* WORK TO COMPLETE: All of the data that follows is to be printed exactly, without pictures.

*** Opening of DATA EXCERPT ***

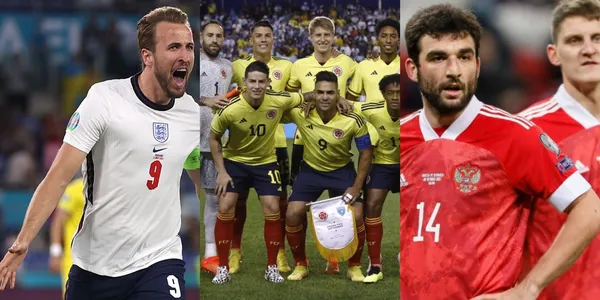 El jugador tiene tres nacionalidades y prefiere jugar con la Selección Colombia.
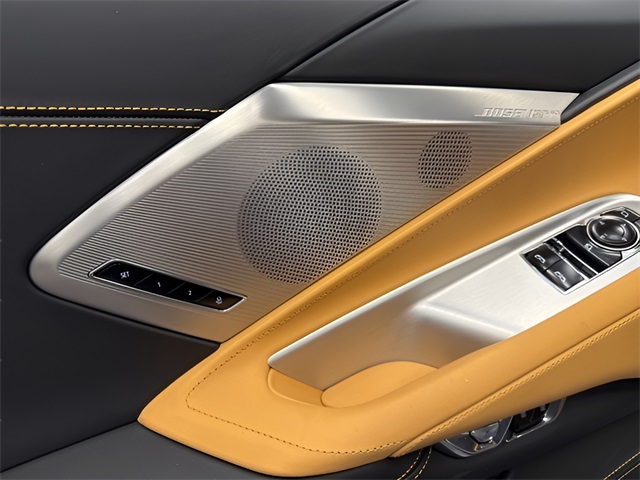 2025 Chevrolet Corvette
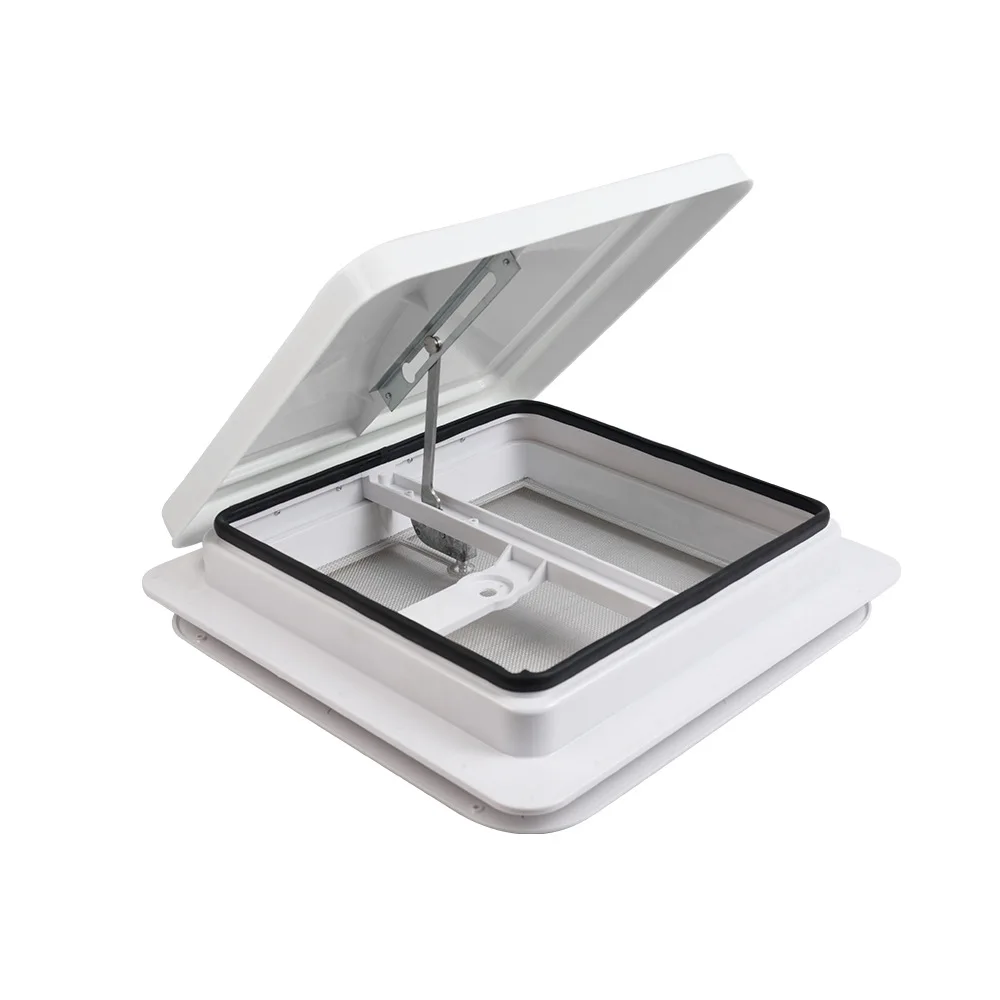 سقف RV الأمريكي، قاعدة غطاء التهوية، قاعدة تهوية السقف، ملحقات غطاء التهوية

*** Close of DATA EXCERPT ***

* SOLUTION TO THIS PROBLEM:
 El jugador tiene tres nacionalidades y prefiere jugar con la Selección Colombia.
 2025 Chevrolet Corvette
 سقف RV الأمريكي، قاعدة غطاء التهوية، قاعدة تهوية السقف، ملحقات غطاء التهوية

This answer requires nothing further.